Saturday, November 6, 2010

What you get is a story.

I've just come from watching the 3rd Stieg Larsson film, "The Girl Who Kicked the Hornet's Nest". I really love this series. It's not as clean as the typical Hollywood drama, one that ends with everyone winning a clear emotional victory of some kind. The question that is on my mind is about the main Heroine. How can she move on after so much shit. Can she love again? Will she ever really trust? True, she's gained some justice and we are thrilled, but after the villains are slain and the injustices addressed, when the trials are over and she's left to herself as she is, then a new story is eminent. The story really doesn't end, it just continues on into the next moment.
I don't know one person who does not have a story to tell. In each of our lives there are several narratives that have defined how we live and how we respond as well as what our dreams and goals. Everyone has a story to tell. And I'd add to this that there are more stories than can be counted within each one of us. I'm not the only person who has wanted to tell his story, but in my case I'm not sure if I want to relive it. Sure I will admit, I'd love to have myself published, to be read and appreciated for having an experience to share with the world. There is a fantasy, and I'm not the only one who shares in it, of becoming famous for our life's drama. I wonder if I'd really feel better having achieved such a goal? I'm not sure I can truly answer that question.

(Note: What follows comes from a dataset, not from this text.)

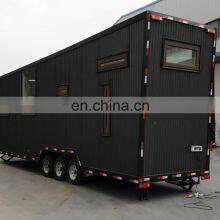 Movable Mobile Portable Modular Homes Field Site Office Trailer Tiny House On Wheels For Sal thumbnail-5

I'm thinking of all the people that I pass each day on the street; what do we really know of the ordinary man or woman? Not much considering all the taboos in our society against disclosure. What we don't wear on our sleeves ends up in the box office to be sure. The theater is an acceptable venue to tell any story. Wouldn't you agree? Its safe, we can leave, we are in the dark, we can sink into the characters, feel there emotions-love pain fear etc. We can live a sort of secondary life outside our ordinary experience. I love the movies for this reason. In fact story telling is all we do. Can you think of anything you have learned that doesn't translate into someone telling someone else a story? Education is story, politics is story, memory is story, any time we talk it's story. Think about art, does it not tell a story? The evening news, ordinary gossip, ask anyone how they are doing today and what you get is a story. Ultimately my point is a story. Your opinion is also a story. Human beings are story telling, story consuming creatures, so I ask, where do most of the stories come from in our daily lives?
TV-Movies-Newspapers-Books-Conversation-Myths-Etiquette-Law-Illness-Death.
The brain was made to automatically seek out patterns in whatever our senses identify. It's true, so story is also 'pattern'. And you'll create story in whatever you see in your world.